Sehingga ada sesuatu yang menunjang kebaikan pada sisi spiritual manusia dan ada juga sesuatu yang menunjang keburukan pada sisi spiritual manusia, sehingga bagaimanakah kita tahu sesuatu itu menunjang kebaikan spiritual bagi manusia atau sesuatu itu menunjang keburukan bagi manusia?
Untuk itulah kemudia Allah mengirim para Rosulnya ke muka bumi ini untuk mendidik manusia mencapai kesempurnaan secara spiritual yang kemudia ajarannya kita kenal dengan sebutan Agama. Jadi tolak ukur kebaikan dan keburukan secara spiritual bagi manusia adalah terletak pada aturan-aturan Agama yang di sampaikan oleh para Rosul Allah dan hal inilah yang membedakan antara manusia dan dua golongan lainnya.

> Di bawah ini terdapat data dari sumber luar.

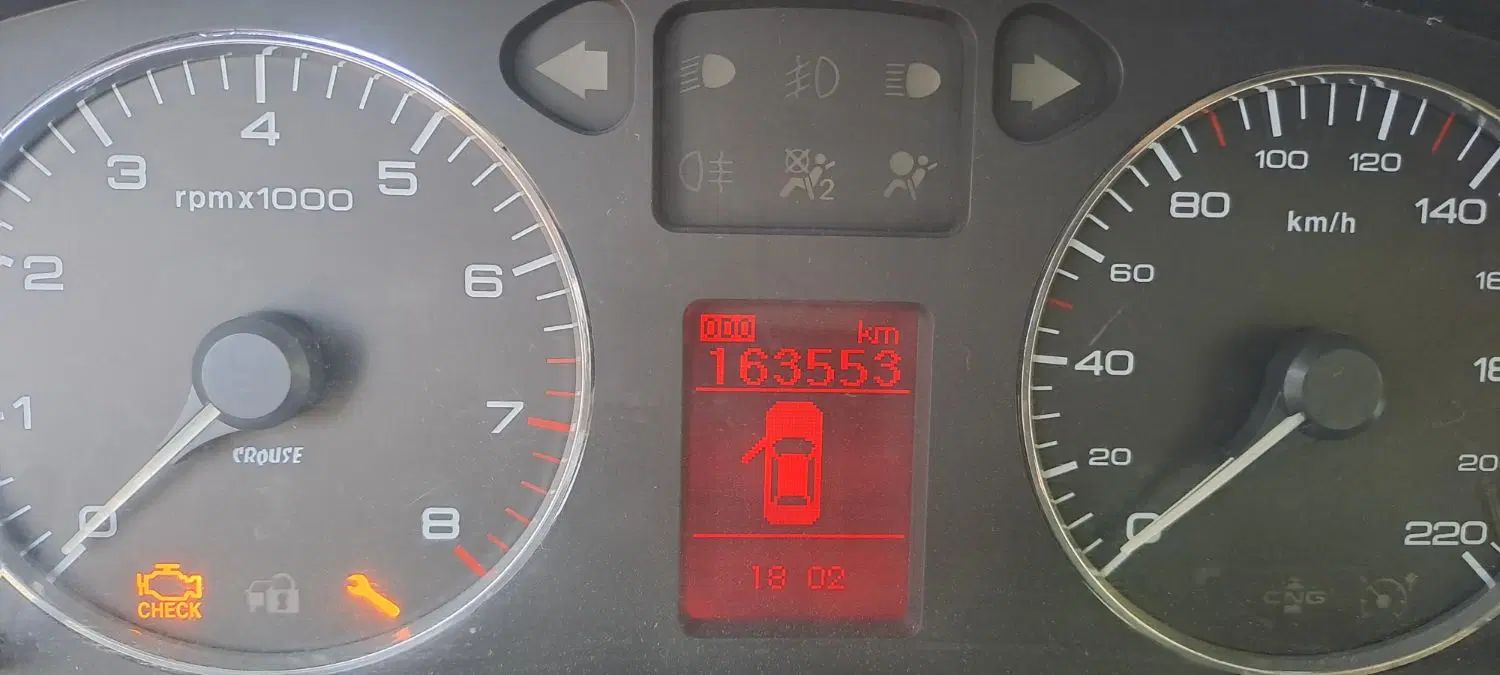 سمند LX EF7 - 1394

Maka apabila ada manusia yang hanya mencapai kebaikan dan kesempurnaan secara materi dan tidak berusaha mencapai kebaikan dan kesempurnaan secara sepiritual sekaligus, dapat di katakana tidak ada pembeda antara ketiga wujud tersebut, yaitu wujud  manusia, hewan dan golongan tidak memeliki rasa.